The 0002 includes some of the more editoralized (but still limited) changes.

The main thing I noted is that our synopsis is simply wrong regarding the optionality of the --database option.  I went with a fix that included only showing the two mandatory options and adding a paragraph to usage explaining that --database exists and how to use it.  Our existing example also covers that common usage.

I also noted that we've started including both the long and short forms of the options in our synopsis.  I went with the "choose the short option as the only one" as exemplified by pg_upgrade.  It seems quite noisy to include both in a synopsis that is fine with including 10+ other options under [options...].

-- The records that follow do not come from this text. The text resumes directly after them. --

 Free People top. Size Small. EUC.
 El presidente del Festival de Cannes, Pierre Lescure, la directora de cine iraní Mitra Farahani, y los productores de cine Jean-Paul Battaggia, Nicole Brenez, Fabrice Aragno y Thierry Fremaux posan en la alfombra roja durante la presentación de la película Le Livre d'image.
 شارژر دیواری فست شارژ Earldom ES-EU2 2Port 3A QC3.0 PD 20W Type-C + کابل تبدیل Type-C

I tweaked the wording of config-file and felt it worth pointing out the caveat regarding the port setting.

It took me a bit, and reading implementation code, to understand what was meant by "Additional recovery parameters are added to avoid ...".  I decided that detail seemed unnecessary for the user-facing documentation - supposedly they will never see the recovery file if everything works OK (and if they do the various empty string settings should be reasonably self-evident).  If we do want to keep it I'll try to find a better wording.

I removed the use of the word "switch" and replaced it with "option" for consistency.

There might be some items in 0001 that belong in 0002 and vice-versa; the final patch would just be a single one in any case.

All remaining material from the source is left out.